Sent from my Desire HD using xda app-developers app


----------



## mamatkool (May 25, 2013)

*IPRO i7HD with MT8377*

can i use the method in this thread to root and apply custom cwm on my IPRO i7HD base on MT8377 chip?



[TUTS] [TOOLS] CWMR/ TWRP Recovery for MT657x

is there any other possible way to gain root access base on this info:

BB Chip: MT8377
MS Board: A9
Modem: MAUI.11AMD.W12.22.SP.V18
UBoot ver: Unknown
Kernel ver: 3.4.0
Android ver: 4.1.1
SW ver: ALPS.JB.MP.V1.5
Custom build: A9_01
Flash recovery not support


----------



## 1chris89 (May 26, 2013)

zdravke said:


> I just got rid of my JIAYU G3.
> 
> I am getting sceptical about all these Chinese phones stuff after trying one on my own, and a very popular one - JIAYU G3. Screen was really nice, with nice viewing angles, colors and black/white levels, but not much more than that.
> 
> ...

Click to collapse



My Star N9588 I bought on ebay from the USA and it took about 3 days to arrive.  It's an amazing phone bigger lcd than Note 2 Same AMOLED 1280x720, obviously dual core less space, but the 3600mah battery kills the Note 2's 3100mah battery.  So I have damn near the same experience but better in what matters being better battery life, big screen in hd 1280x720 and it's 5.7"!  I paid $245 shipped.  Now i should have just bought the STAR S7589 1.2Ghz Quad Core with a 3200mah battery same 5.7" AMOLED 1280x720 LCD and the STAR S7589 comes with the STYLUS!  That's why the battery can't be 3600mah.  The STAR S7589 Quad Core was $305 shipped 3-days flat in the USA and it's very nice since the quad core performance is amazing. 

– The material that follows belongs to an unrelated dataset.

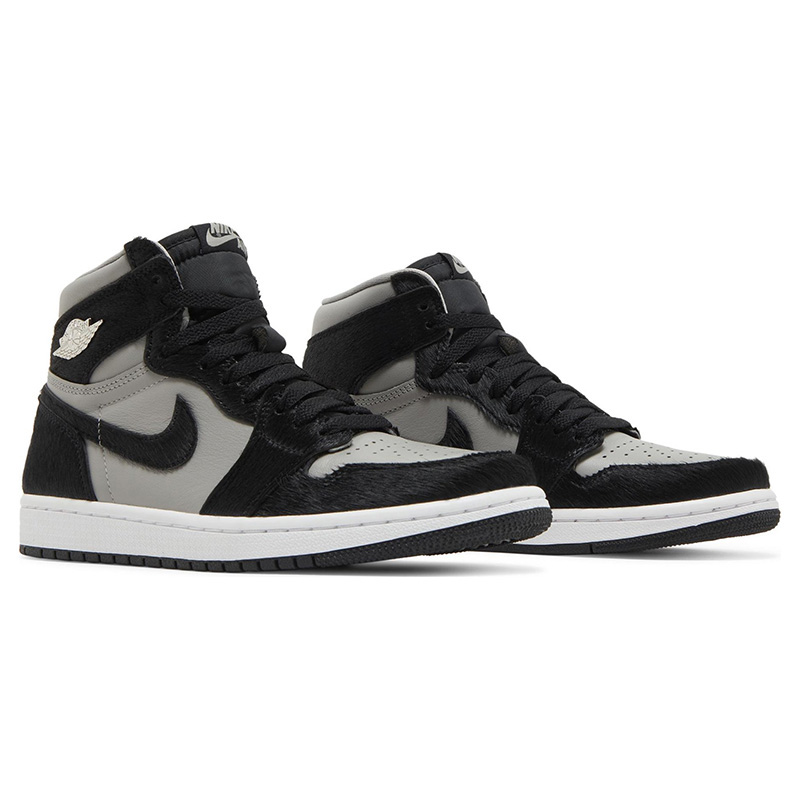 AIR JORDAN 1 RETRO HIGH OG ''TWIST 2.0''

I'm using the AT&T Wal-Mart Straight Talk SIM with Unlimited Everything on 3g so I get about 1MB/s download and kill it, I could push 20GB a month on data if I wanted.  Still paying what I pay is $35 a month...

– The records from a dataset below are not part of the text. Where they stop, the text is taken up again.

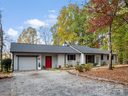 169 Oakwood Lane sold home in Columbus, SC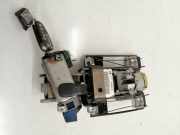 Zündschloss Jaguar S-Type (X200) 98AB11572CG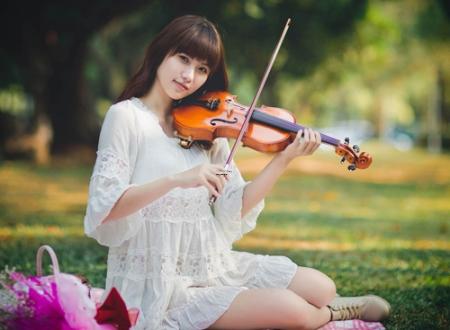 2025年5月生孩子的最佳日子测算 哪天好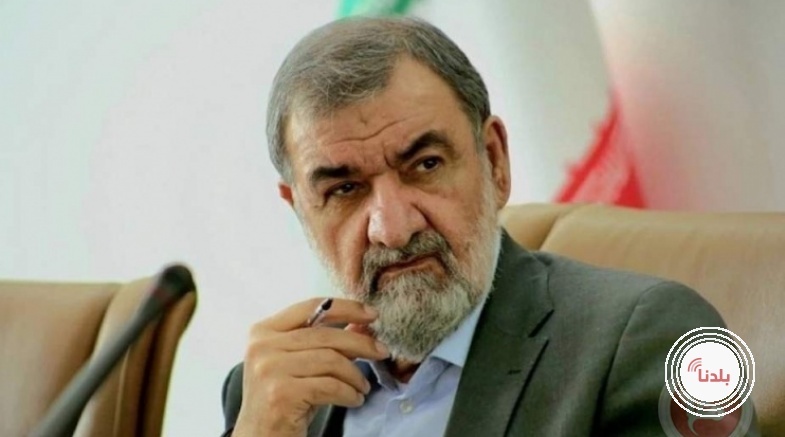 إيران: أميركا تتجه للتفاوض بعد فشل محاولات إخضاعنا بالقوة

You can boost the camera to 12MP in build.prop = Resolution of 4000x3000 which looks good.

In regards to 1080p decoding I figured what it likes and what it hates.  Okay it hate .mp4 so don't expect anything from .mp4 from this phone.  However it seems to love 1080p hardware decoding of .avi MPEG4 Layer 2 is all that I know of so that's good to know.  1080p plays back at very high bitrates in hardware using MX Video Player without any lag once it gets cached up and buffered after 10 seconds or so.  720p is a different story since usually it will work on most formats including .mkv but not .mp4 but I haven't done that much testing.  It only likes .avi in 1080p for hardware and it decoded .mkv 720p without an issue in hardware decode as well.

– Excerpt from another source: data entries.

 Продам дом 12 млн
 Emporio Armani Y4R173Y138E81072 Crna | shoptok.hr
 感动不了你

To get the battery life dialed in discharge to 0% and let it die, then charge to 100% without stop.  Do this about 4 times to get the chemicals exercised in the battery.  Then you will find battery life to be unreal!  I get about 3 days of solid use out of my STAR N9588 (3600mah battery).  It'll last weeks if in standby.  Prior to Exercising the battery, The BATTERY LIFE WAS TERRIBLE...

Just gotta make sure u get the right rom on NEEDROM.COM that has a dialed in kernel as some of the files are busted in terms of battery life where its locked at 1Ghz continuous and never goes to Deep Sleep mode.  

To improve performance I sometimes set the IO mode to NOOP and it increases IO performance.

After messing around with it a lot the MTK6577 is pretty great being stock at 1Ghz.  I'm pretty impressed but I'll probably upgrade to the MTK6599 this year Probably being 6" 1920x1080 Retina with the OCTA-Core (8 Core Processor)!!!

Later


----------



## newbornlife (May 26, 2013)

Having paid ~180$ for a B92M mtk6577 the GPS doesn't work unless you cut and solder a new antenna and I have to charge it every day. Buy these are minor problems compared to the ~500$ that I saved.

On the other hand I was very disappointed with the first one I bought. The ulefone V12 was 
1. Faulty (would reboot all the time when not charging) 
2. They send me the single core version rather than the dual core they advertised.

They gave me a refund after exchanging many many many emails and bought the b92m. So it might be hit and miss.

Sent from my B92M using xda app-developers app


----------



## JankyLV (May 30, 2013)

If you are thinking of buying MTK6577 phone, may I suggest going for MTK6589 - quad core?

I bought mine for $165 - quad core, 1gb ram, 480x854.
Rooted, flashed gapps, fixed gps (a-gps & epo) and now it's working almost perfectly.
For the price I could not ask for more. I can play all the latest games, and AnTuTu score is 13000+ (my Nexus 7 scores lower).
Downsides - poor quality screen, and loses signal sometimes.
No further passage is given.